Par contre, aucune loi n’oblige un employeur à contrôler l’utilisation faite des outils informatiques ni à procéder à aucun autre contrôle … Le contrôle des travailleurs ne pourra donc pas être justifié par une obligation légale.
Intérêt légitime
Les intérêts légitimes d’un employeur peuvent constituer une base juridique pour le traitement, à moins que les intérêts ou les libertés et droits fondamentaux du travailleur ne prévalent. Le CEPD admet expressément que la nécessité de procéder à un contrôle des travailleurs relève de la protection légitime par l’employeur de ses intérêts économiques, commerciaux et financiers.
Le CEPD reconnaît que, pour autant que le contrôle soit proportionné et subsidiaire par rapport à d’autres mesures, cet intérêt légitime est supérieur à celui du travailleur au respect de sa vie privée. La balance des intérêts en présence devra malgré tout être effectuée très prudemment, comme vient de le rappeler la Cour européenne des droits de l’homme dans l’affaire Barbulescu/Roumani.
Mission d’intérêt public
Si les choses semblent dès lors claires concernant le secteur privé, elles le sont moins pour le secteur public.

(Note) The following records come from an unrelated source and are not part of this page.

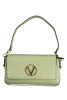 Valentino Bags női zöld kézitáska, válltáska 28 x 16 x 7 cm 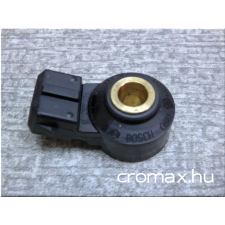 FEBI BILSTEIN kopogás érzékelő 52mm,műanyag,fém autóalkatrész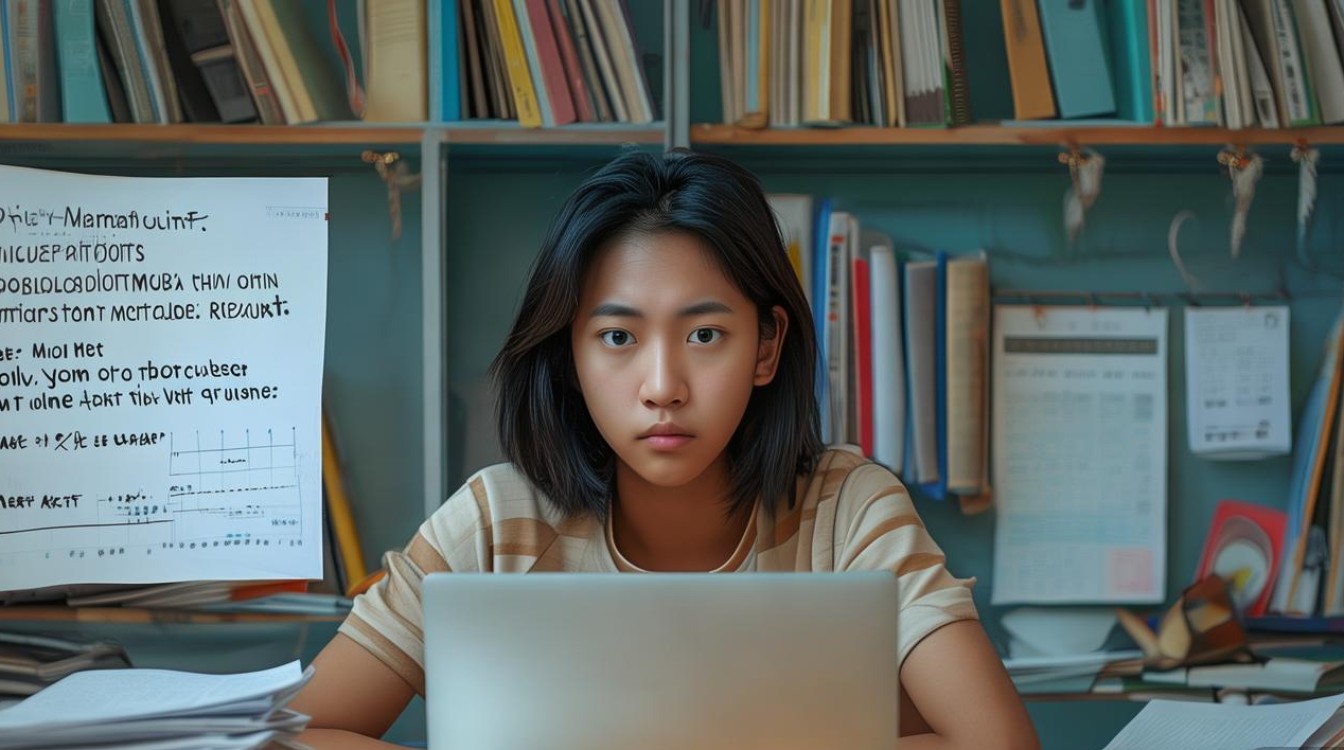 查询不到大学录取结果怎么办？高考录取结果查不到的原因有哪些？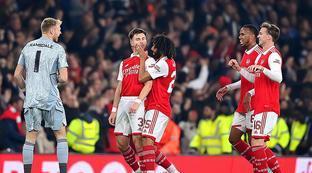 成为各方关 成为各方关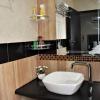 Annavilla7 Lilongwe Aparthotel,Malawi>>Lilongwe,4 star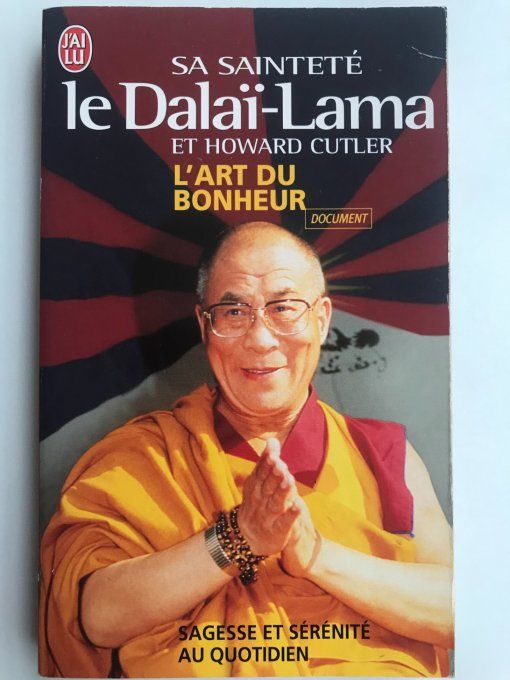 L'art du bonheur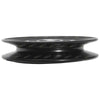 Toyota Hilux 4Runner Surf Landcruiser Tarago Engine Pulley (1984–1999)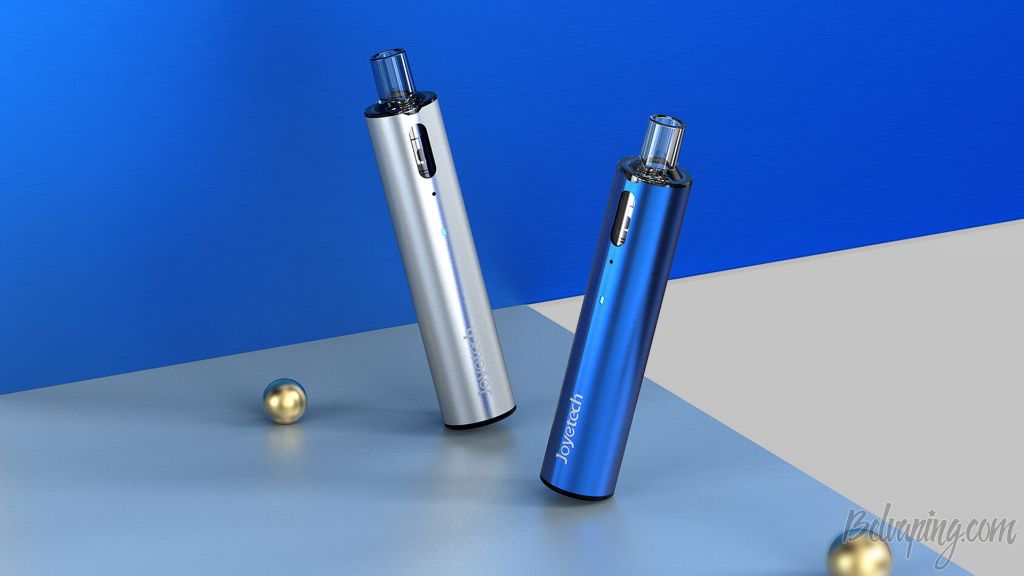 Joyetech eGo Pod.jpg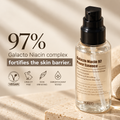 PURITO SEOUL Galacto Niacin 97 Power Essence (60ml) - SAAVVY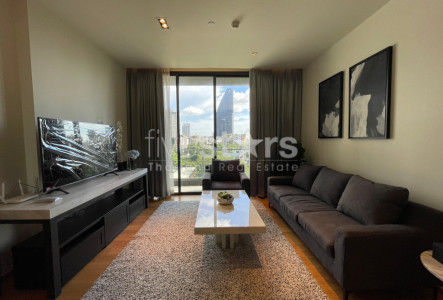 Property ABKK30462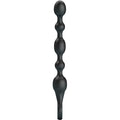 Pretty Love – Van Anal Balls 10 Vibrationen Wiederaufladbares Silikon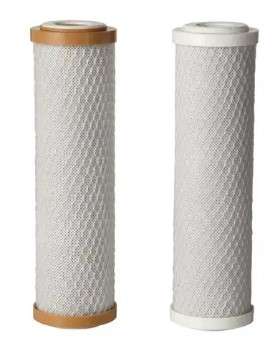 Cartutx de malla de plata BWT INFINITY 3/4"-2" amb referència 318211 de la marca ATH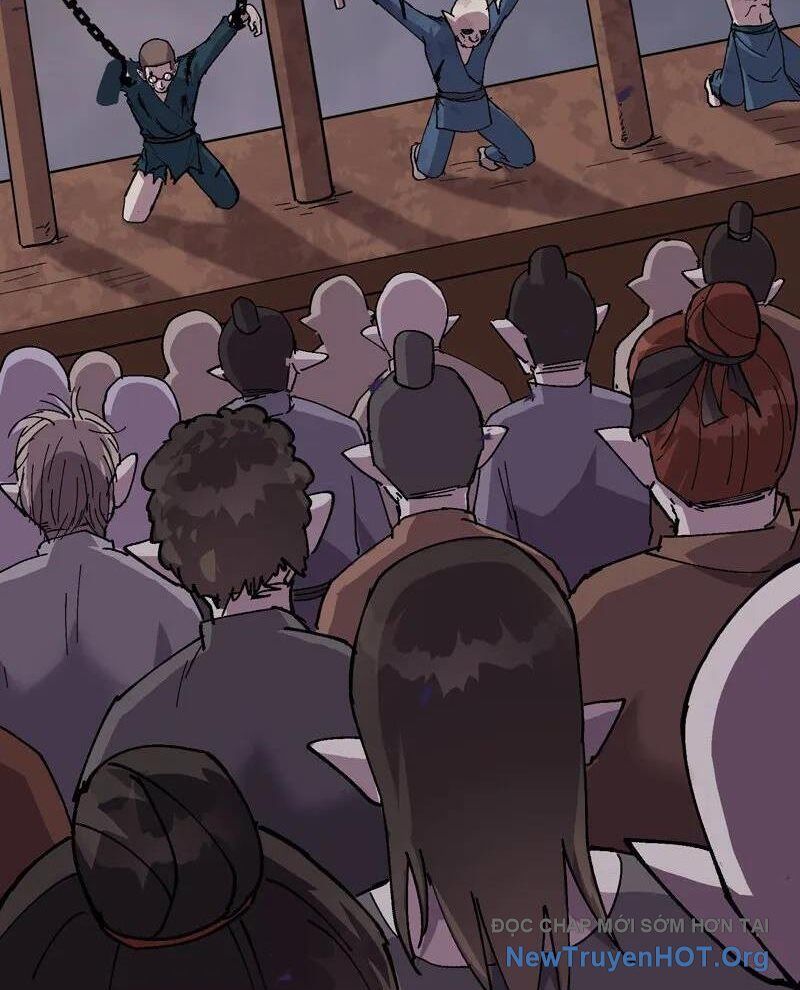 Tối Cường Võ Hồn Hệ Thống Chương 278 Ảnh 7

En effet, les autorités publiques dans l’exécution de leurs missions ne peuvent pas invoquer leur intérêt légitime.
Puisque la notion d’exécution du contrat est interprétée très restrictivement par le CEPD, sans doute les administrations devront-elles se tourner vers un autre fondement, à savoir la nécessité pour exécuter une mission d’intérêt public ou relevant de l’exercice de l’autorité publique dont elles sont investies. Il est toutefois dommage que cette question n’ait pas été tranchée par le CEPD.
Conséquences potentielles de l’absence de communication de la base juridique du traitement aux travailleurs
Comme le rappelle la récente décision de la Cour européenne des droits de l’homme, si une mesure de contrôle n’a pas été dûment portée à la connaissance du personnel, elle pourra plus facilement être contestée devant les juridictions.
Par ailleurs, l’employeur pourrait se voir infliger une sanction administrative par la Commission de protection de la vie privée, pouvant s’élever jusqu’à 20.000.000 € ou 4 % du chiffre d’affaires annuel mondial du groupe dont il fait partie…
Our advice:
Que ce soit dans le secteur privé ou dans le secteur public, les responsables du traitement doivent rapidement identifier la base juridique de tous les traitements de données du personnel dans leur registre.
En effet, cette base légale doit être communiquée aux travailleurs, afin d’éviter des sanctions administratives très lourdes.
Cette nécessité est d’autant plus criante en matière de contrôle du personnel, puisque le non-respect du RGPD pourrait dénuer les résultats du contrôle de toute utilité.